Write a script that loops through the titanic
data by passenger class and prints out whether the mean Survived measure is smaller or larger than 0.5. Hint: you may want to check out the function unique().
for (class in sort(unique(titanic$Pclass))){
if (mean(titanic$Survived[titanic$Pclass == class]) > 0.5){
print(paste("The mean Survived measure for people with class", class, "is greater than 0.5 units"))
} else {
print(paste("The mean Survived measure for people with class", class, "is less than 0.5 units"))
}
}
[1] "The mean Survived measure for people with class 1 is greater than 0.5 units"
[1] "The mean Survived measure for people with class 2 is less than 0.5 units"
[1] "The mean Survived measure for people with class 3 is less than 0.5 units"
Modify the script from Challenge 4 to also loop over each sex. This time print out whether the Survived is smaller than 0.2, between 0.2 and 0.6, or greater than 0.6.
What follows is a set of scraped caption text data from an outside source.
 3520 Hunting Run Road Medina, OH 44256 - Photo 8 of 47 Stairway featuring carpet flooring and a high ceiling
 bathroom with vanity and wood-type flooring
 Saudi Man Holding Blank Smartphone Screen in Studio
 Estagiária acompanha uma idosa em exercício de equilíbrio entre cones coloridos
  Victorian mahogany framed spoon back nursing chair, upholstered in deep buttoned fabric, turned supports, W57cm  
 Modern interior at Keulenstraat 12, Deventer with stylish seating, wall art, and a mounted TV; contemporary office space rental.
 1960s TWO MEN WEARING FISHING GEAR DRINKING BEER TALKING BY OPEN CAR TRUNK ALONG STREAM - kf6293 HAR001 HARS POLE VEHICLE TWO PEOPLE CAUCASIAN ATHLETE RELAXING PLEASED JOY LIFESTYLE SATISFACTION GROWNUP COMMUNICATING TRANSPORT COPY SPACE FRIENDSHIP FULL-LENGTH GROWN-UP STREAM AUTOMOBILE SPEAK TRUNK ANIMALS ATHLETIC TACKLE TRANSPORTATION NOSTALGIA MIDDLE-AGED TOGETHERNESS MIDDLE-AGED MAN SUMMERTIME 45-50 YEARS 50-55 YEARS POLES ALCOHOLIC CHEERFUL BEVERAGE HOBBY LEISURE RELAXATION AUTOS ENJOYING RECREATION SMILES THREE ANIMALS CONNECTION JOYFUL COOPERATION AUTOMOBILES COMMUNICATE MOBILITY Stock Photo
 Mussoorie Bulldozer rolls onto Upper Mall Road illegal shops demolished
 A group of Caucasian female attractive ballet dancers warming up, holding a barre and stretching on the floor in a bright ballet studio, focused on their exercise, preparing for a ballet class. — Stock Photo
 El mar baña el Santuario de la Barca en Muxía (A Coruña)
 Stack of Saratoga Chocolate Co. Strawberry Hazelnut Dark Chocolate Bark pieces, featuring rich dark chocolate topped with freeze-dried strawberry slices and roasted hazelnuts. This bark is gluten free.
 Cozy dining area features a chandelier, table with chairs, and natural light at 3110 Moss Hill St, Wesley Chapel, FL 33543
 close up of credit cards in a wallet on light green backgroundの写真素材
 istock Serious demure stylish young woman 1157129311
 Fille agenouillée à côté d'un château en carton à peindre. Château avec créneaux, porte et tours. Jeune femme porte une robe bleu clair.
for (class in sort(unique(titanic$Pclass))){
for (sex in unique(titanic$Sex)) {
if (mean(titanic$Survived[titanic$Pclass == class & titanic$Sex == sex]) <= 0.2){
print(paste("The mean Survived measure for",sex,"people with class", class, "is less than 0.2 units"))
} else if (mean(titanic$Survived[titanic$Pclass == class & titanic$Sex == sex]) > 0.6) {
print(paste("The mean Survived measure for",sex,"people with class", class, "is greater than 0.6 units"))
} else {
print(paste("The mean Survived measure for",sex,"people with class", class, "is between 0.2 and 0.6"))
}
}
}
[1] "The mean Survived measure for male people with class 1 is between 0.2 and 0.6"
[1] "The mean Survived measure for female people with class 1 is greater than 0.6 units"
[1] "The mean Survived measure for male people with class 2 is less than 0.2 units"
[1] "The mean Survived measure for female people with class 2 is greater than 0.6 units"
[1] "The mean Survived measure for male people with class 3 is less than 0.2 units"
[1] "The mean Survived measure for female people with class 3 is between 0.2 and 0.6"